## Task prompt:
Only the lines below from the one containing "Kayle Champion Overview" through the one containing "2008 Bentley Continental GT Base's photo" belong in the answer, repeated exactly and without pictures.

____

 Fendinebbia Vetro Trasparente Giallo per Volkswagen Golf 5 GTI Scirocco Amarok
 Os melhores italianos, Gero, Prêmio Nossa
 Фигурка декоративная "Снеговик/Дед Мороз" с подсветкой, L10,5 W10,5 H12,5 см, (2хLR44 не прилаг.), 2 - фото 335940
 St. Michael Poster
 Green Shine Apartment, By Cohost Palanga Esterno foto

____

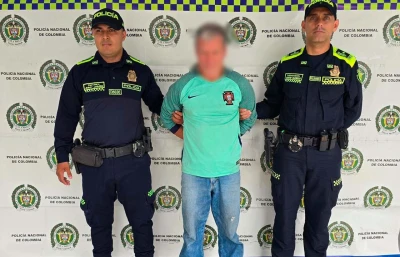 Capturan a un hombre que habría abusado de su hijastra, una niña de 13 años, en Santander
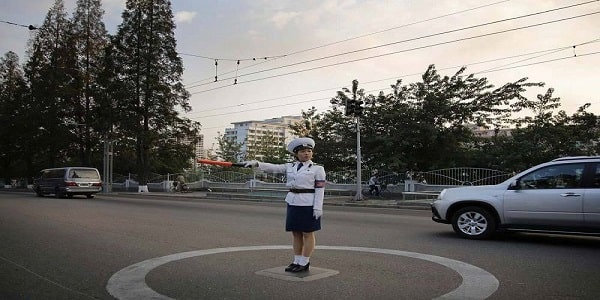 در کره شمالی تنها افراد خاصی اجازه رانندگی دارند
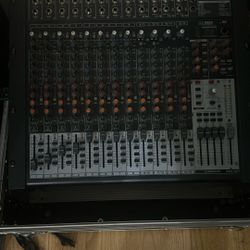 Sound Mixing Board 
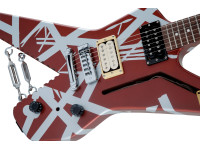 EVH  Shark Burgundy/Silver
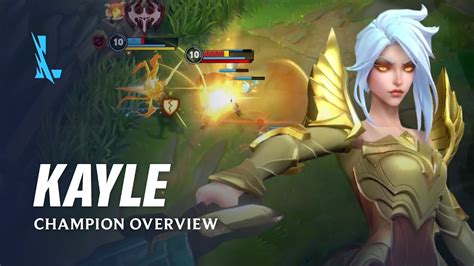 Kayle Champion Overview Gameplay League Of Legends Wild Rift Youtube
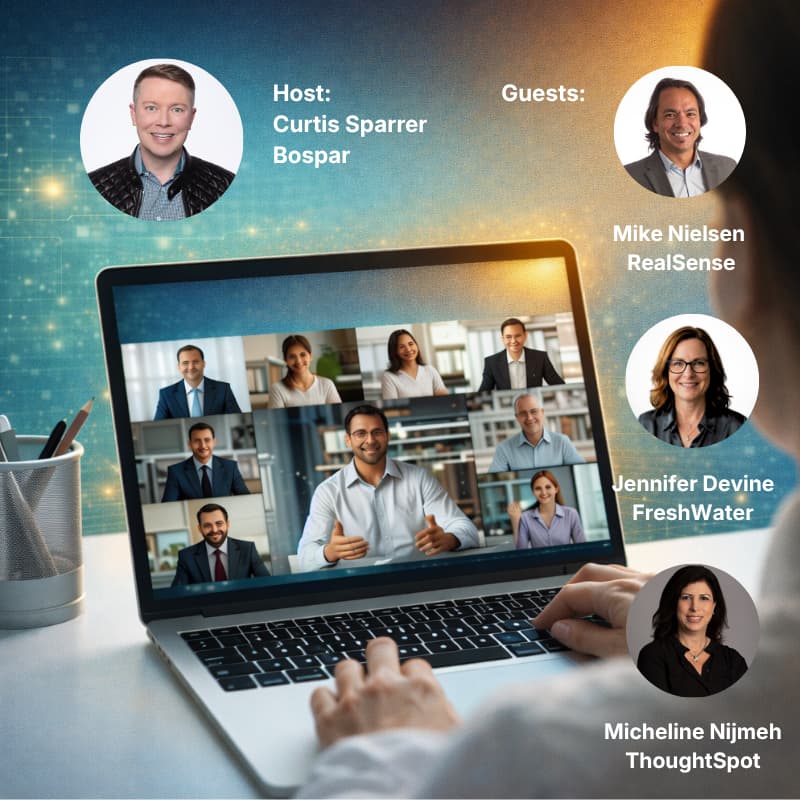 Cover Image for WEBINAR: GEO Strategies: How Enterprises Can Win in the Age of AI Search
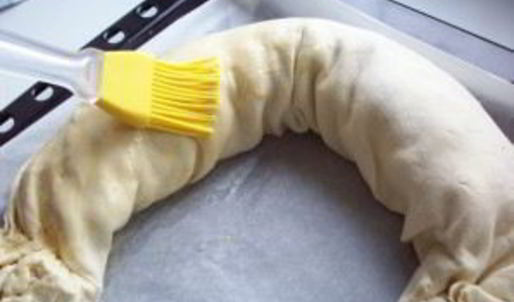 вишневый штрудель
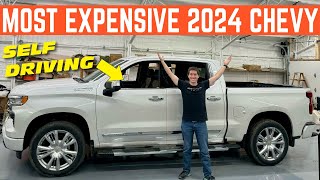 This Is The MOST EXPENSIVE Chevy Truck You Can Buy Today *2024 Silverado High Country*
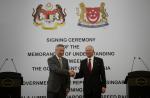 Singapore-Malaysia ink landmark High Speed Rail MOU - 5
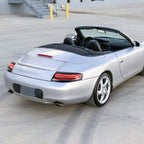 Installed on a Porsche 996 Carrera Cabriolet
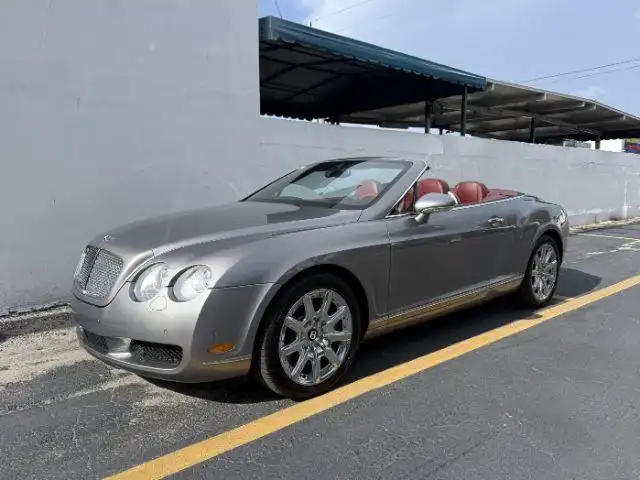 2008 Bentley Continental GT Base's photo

____

## Response:
 Kayle Champion Overview Gameplay League Of Legends Wild Rift Youtube
 Cover Image for WEBINAR: GEO Strategies: How Enterprises Can Win in the Age of AI Search
 вишневый штрудель
 This Is The MOST EXPENSIVE Chevy Truck You Can Buy Today *2024 Silverado High Country*
 Singapore-Malaysia ink landmark High Speed Rail MOU - 5
 Installed on a Porsche 996 Carrera Cabriolet
 2008 Bentley Continental GT Base's photo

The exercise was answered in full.